A lot of things, as it turns out.
For one, competition in these sought-after markets is incredibly steep. International real estate investors want their slice of the pie when it comes to these markets, so you’re not just competing with domestic competitors. On top of that, the barrier to entry is lofty. It’s hard to crack into one of these markets. Most investors spend years clawing their way up to that point if they didn’t already have the capital to do so readily available.
For your average real estate investor, is it even worth it?
Granted, in the modern day, some things are making it easier for all investors to throw their hat into the ring of any market that they choose. There have always been REITs, but crowdfunding has opened up a whole new world for real estate investors to get involved in virtually any market with little to no barrier to entry.
But what about real estate investors who still want to go the traditional buy and hold route? Are they just stuck?
Or maybe we should stop chasing hyped, “hot” real estate markets.
Secondary real estate markets hold the real key to steady, reliable positive cash flow for real estate investors. Secondary real estate markets were once dormant, but have begun growing exponentially in both commercial and residential sectors in the past few years.
And for good reason. Moving away from primary markets like New York City and Chicago and into secondary (and even tertiary) markets brings some distinct advantages:
1. Less Competition
Most obviously, a secondary or tertiary market is just going to have fewer investors (and really, fewer homeowners) looking to get a piece of the pie. That means you’re going to have to deal less with bidding wars, and there’s going to be more to choose from and less stress in the entire acquisition process. If you like feeling frenzied, maybe that’s not a plus.
2. Smaller Barrier to Entry
Bigger markets mean they’re harder to crack. Smaller markets are much easier to manage. They’re easier to learn, easier to start in, and easier to master.
Because properties are going to be less expensive, it means the simple act of purchasing a property is going to be easier. Scaling your portfolio will happen sooner. You’ll be able to experience positive cash flow at a smaller threshold. In general, it’s easier to get started and be successful!
3. Potential for Growth
Because these markets are growing, recovering, and experiencing their own economic revivals (in many cases), the potential for your investments to grow and appreciate is great.
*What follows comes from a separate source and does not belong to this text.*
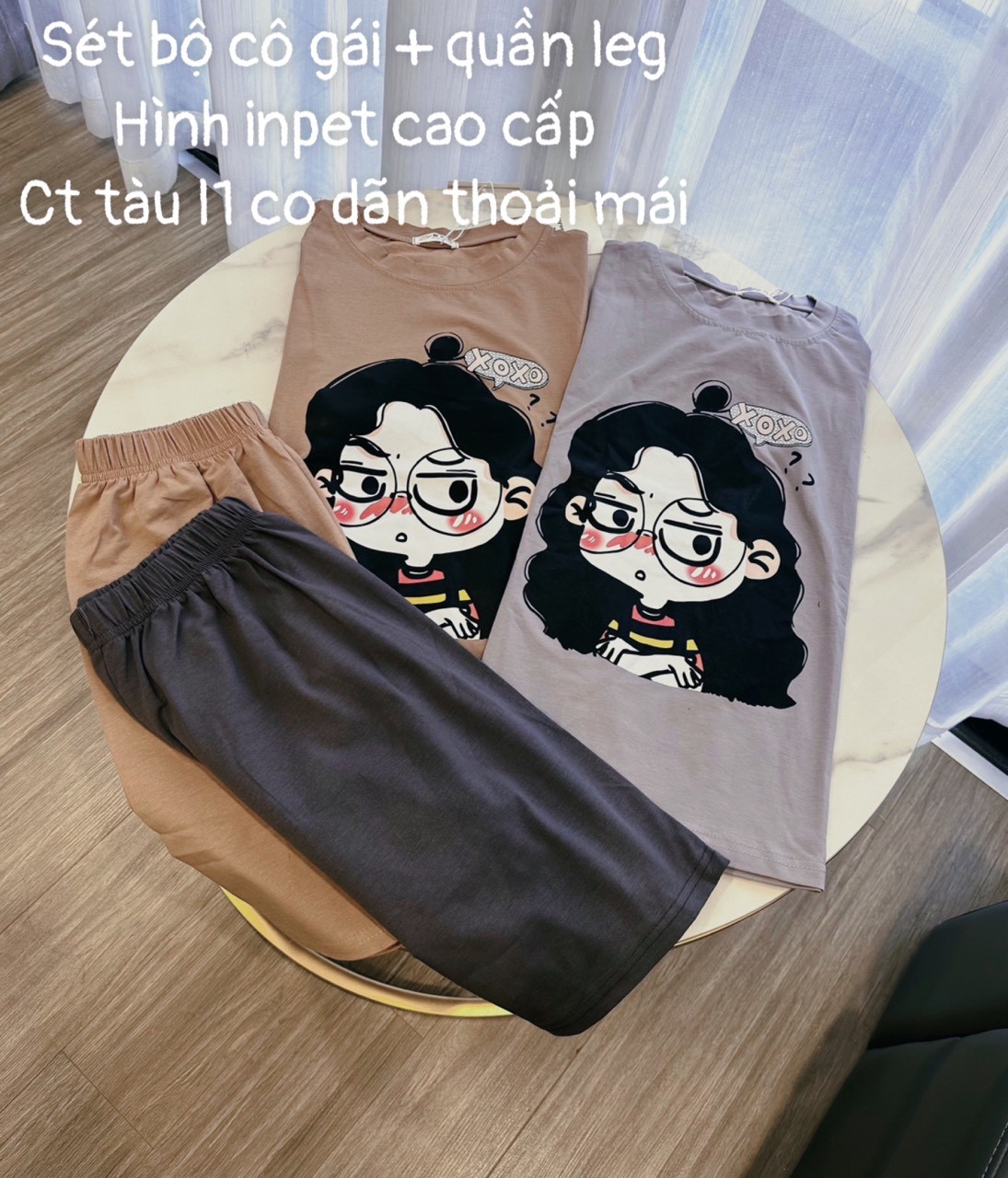 Bộ Cộc In Cô Gái Đeo Kính 2 Màu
If you buy and hold, you could see great returns down the line as the market thrives around you.
4. Portfolio Diversification
When you stop focusing on primary markets, or even just on local markets, you have the opportunity to truly diversify your portfolio. This helps mitigate risk! As you get involved in more markets, hopefully with the aid of a turnkey real estate company, you’ll be able to reap the benefits of exciting, up-and-coming markets without the fear that one market experiencing a downturn will ruin your entire portfolio. Instead, opportunity is wide open. You can enjoy markets that are “hot” or you can seek out more stable, slow-but-steady markets—whatever suits your tastes!
5. Property & Rental Affordability
Affordability isn’t just a plus for you and your ability to buy properties and enter a new market. It’s a plus for your tenants and the market as a whole. Affordability draws in a bigger population, which means more tenants, economic growth, and opportunity.
While secondary housing markets may not have the glamour or prestige of the primary markets, they do have great potential. Don’t underestimate the opportunities right under your fingertips, all of the nation!